→ **Extracted entries**:
┌──

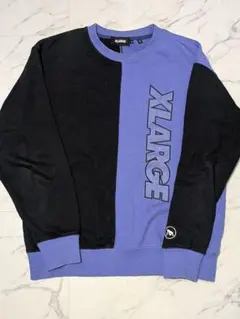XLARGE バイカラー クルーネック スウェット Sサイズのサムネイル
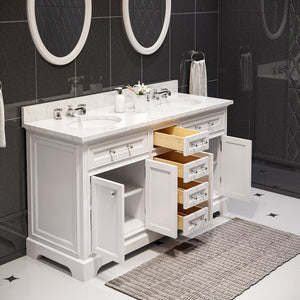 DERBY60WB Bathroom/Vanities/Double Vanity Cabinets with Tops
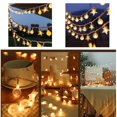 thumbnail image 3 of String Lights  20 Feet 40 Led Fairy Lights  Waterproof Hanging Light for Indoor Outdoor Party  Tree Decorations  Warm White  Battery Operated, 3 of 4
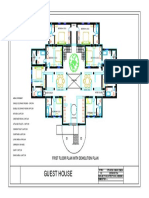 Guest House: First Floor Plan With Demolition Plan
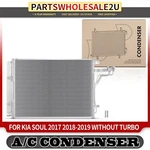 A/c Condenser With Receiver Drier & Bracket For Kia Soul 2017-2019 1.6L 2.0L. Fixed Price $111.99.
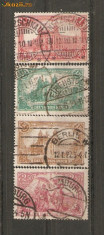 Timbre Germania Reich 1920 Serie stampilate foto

└──
┌──

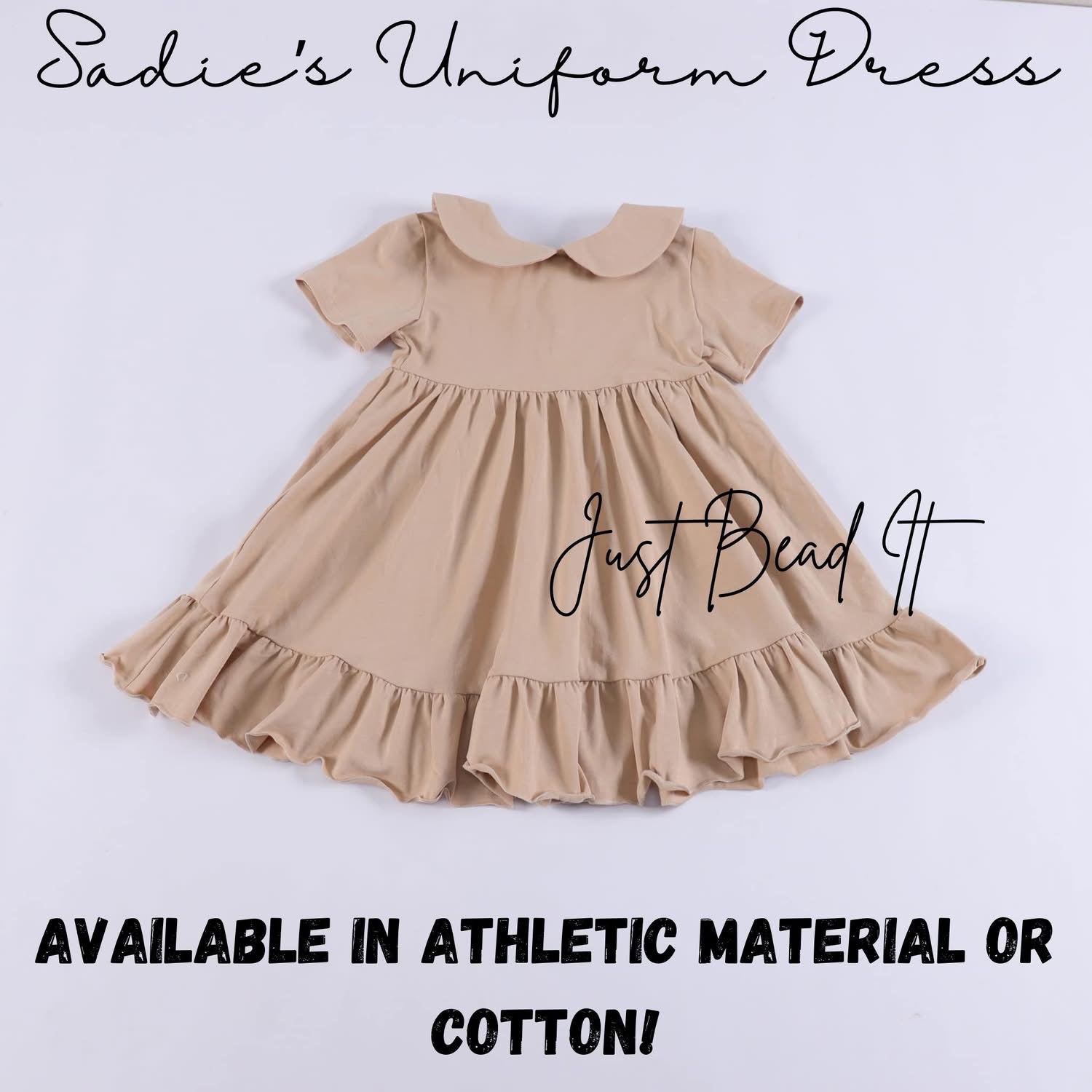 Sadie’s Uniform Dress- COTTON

└──

→ **Exercise**: Your reply should hold nothing but the lines above, from the one containing "XLARGE バイカラー クルーネック スウェット Sサイズのサムネイル" to the one containing "Timbre Germania Reich", reproduced exactly minus the pictures.

→ **The answer**:
XLARGE バイカラー クルーネック スウェット Sサイズのサムネイル
 DERBY60WB Bathroom/Vanities/Double Vanity Cabinets with Tops
 thumbnail image 3 of String Lights  20 Feet 40 Led Fairy Lights  Waterproof Hanging Light for Indoor Outdoor Party  Tree Decorations  Warm White  Battery Operated, 3 of 4
 Guest House: First Floor Plan With Demolition Plan
 A/c Condenser With Receiver Drier & Bracket For Kia Soul 2017-2019 1.6L 2.0L. Fixed Price $111.99.
 Timbre Germania Reich 1920 Serie stampilate foto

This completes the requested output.